Add an option 'recalibrate' for 'tsc' kernel parameter to force the
tsc freq recalibration with HPET or PM timer, and warn if the
deviation from previous value is more than about 500 PPM, which
provides a way to verify the data from hardware / firmware.

There is no functional change to existing work flow.

Recently there was a real-world case: "The 40ms/s divergence between
TSC and HPET was observed on hardware that is quite recent" [1], on
that platform the TSC frequence 1896 MHz was got from CPUID(0x15),
and the force-reclibration with HPET/PMTIMER both calibrated out
value of 1975 MHz, which also matched with check from software
'chronyd', indicating it's a problem of BIOS or firmware.

[Thanks tglx for helping improving the commit log]

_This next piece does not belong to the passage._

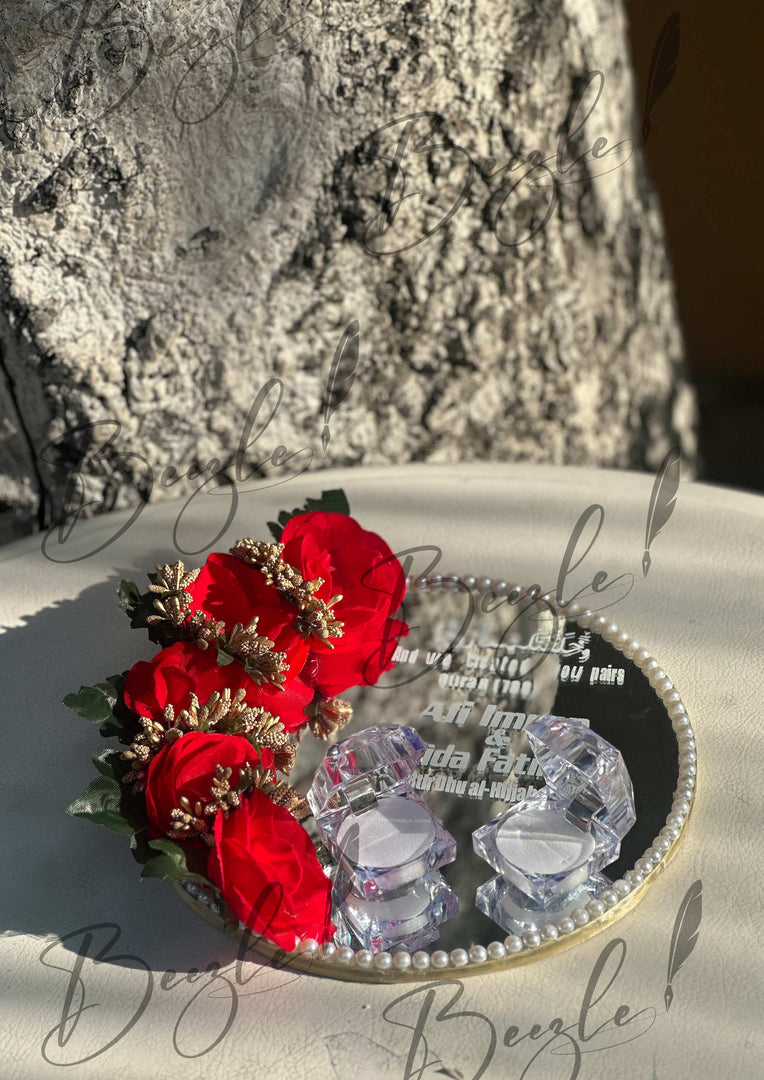 Nikkah Tray Decorated With Beautiful Red Flowers | NT-007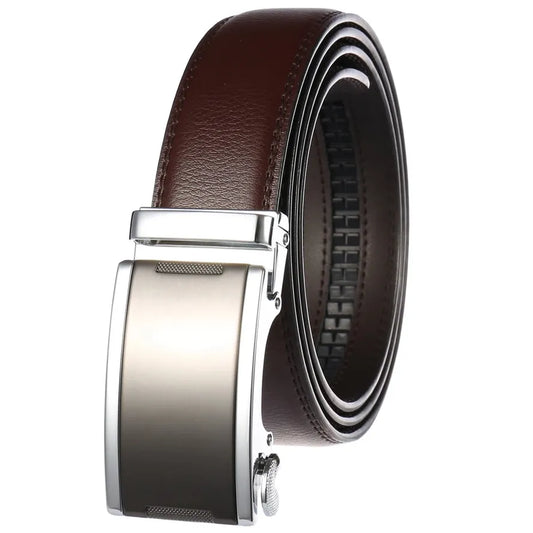 HKM-365715 Automatic Buckle Cowhide Belt for Men with Custom Logo Press Feature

[1]. https://lore.kernel.org/lkml/20221117230910.GI4001@paulmck-ThinkPad-P17-Gen-1/
Signed-off-by: Feng Tang <feng.tang@intel.com>
---
Changelog:

  since v4:
    * add the real world case, where the patch helped to root
      caused a BIOS/FW problem of inaccurate CPUID-0x15 info
    * rebase against v6.2-rc1

  since v3:
    * add some real world case into commit log
    * rebase against v6.0-rc1

  since v2:
    * revise the option description in kernel-parameters.txt
    * rebase against v5.19-rc2

  since v1:
    * refine commit log to state clearly the problem and intention
      of the patch by copying Thomas' words.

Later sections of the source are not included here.